Two weeks ago, before I became a Dodge Viper owner and decided to risk my life like George Clooney in that movie where he drives his boat into swells the size of a rural congressional district, I figured the Viper would comprise two equal parts: loud and uncomfortable.

Here's what I discovered: The Viper is loud but not all that loud, and it's uncomfortable but not all that uncomfortable. Although it might seem, on the outside, like a one-dimensional nod to 1990s American excess, it actually has a few endearing quirks that give it some character, like a dog who chews on the shower curtain whenever somebody comes over. Today, I'm going to tell you about them. We'll start in back.

Brake lights. Like most cars, the Viper has two brake lights on either side of its rear end. This is not unusual.

What's unusual is the third brake light, which is required by law to be mounted somewhere in the middle. Well, they mounted it in the middle, right inside the Viper logo. If you're behind a Viper GTS and you think, "Is that a Viper?", just wait until the driver puts his foot on the brake, and the snake logo lights up like a Vegas slot machine. Then, you'll say to yourself, "Oh, it's a Viper all right!"

This is the coolest third brake light of any automobile on the market.

Stripes. As many of you know, my Viper has stripes. Why? If you buy a Viper, you're going to get stripes. Getting a Viper without stripes would be like buying a refrigerator that keeps things at 84 degrees.

What many of you may not know is my Viper's awesome exterior color, Viper Blue, was only available in 1996 and 1997, the first 2 years of the Viper GTS. What I didn't know, until a reader on Twitter told me last week, is there's only one surefire way to tell apart 1996 and 1997 models. The stripes in the 1996 models go through the license-plate area, while the stripes in the 1997 models don't. You're welcome for making you look like an expert at cars and coffee.
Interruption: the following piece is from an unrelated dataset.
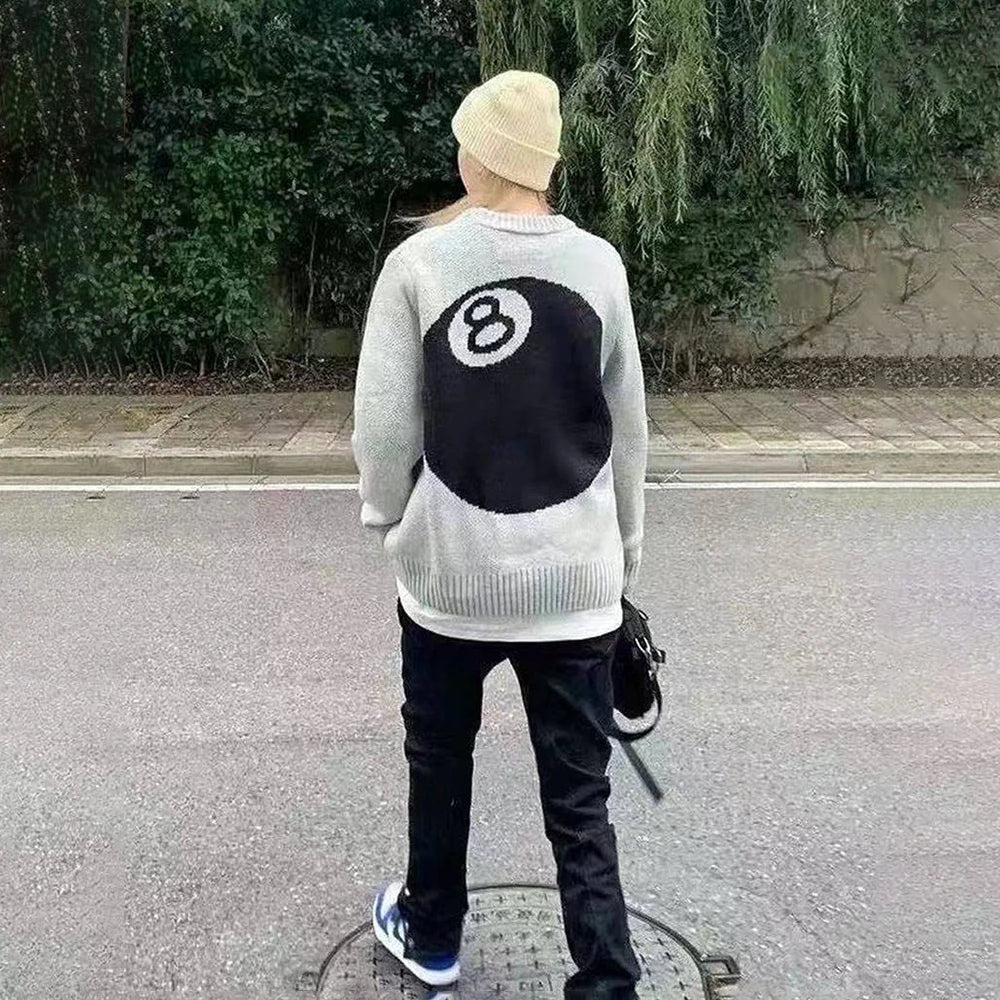 Mens Sweater Size 8 Billiard Sweater Autumn Street Wear Contrast Color Casual All-Match Long-Sleeved Tops Men'S Clothing 2024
Seat belts. As a few of you pointed out after watching my first video with the Viper, the seat belts aren't like the normal seat belts you'd find in a normal car, in your normal life. They're different, because this is a Viper, and the simple fact that it could kill you while carefully taking a turn isn't different enough.

The Viper's seat belts come from the center of the interior, not from the door posts. When you sit behind the wheel, you reach for the seat belt over your right shoulder, not your left shoulder. I've heard two potential reasons for this: The Viper's cabin was deemed too small to install the seat belts in the normal spot, and the Viper's original convertible design didn't allow Dodge to fix the belts to the pillars. Regardless of the reason, it's certainly quirky.

Hood release. The Viper doesn't have an interior hood release. Instead, releasing the hood in a Viper is something you can only do from the outside. Allow me to repeat that: You can only release the hood in a Viper entirely from the outside. If you ever see a Viper in a parking lot, and you want to check out that sweet V10, you can just walk up and take a gander. Be careful when you're poking around, though, as the hood reportedly costs $15,000.

Windshield wiper. I have no idea how to describe this without simply directing you to my video, but I'll do my best. When the windshield wipers are operating, they look like the thing I Dream of Jeanie does with her arms before she activates her powers.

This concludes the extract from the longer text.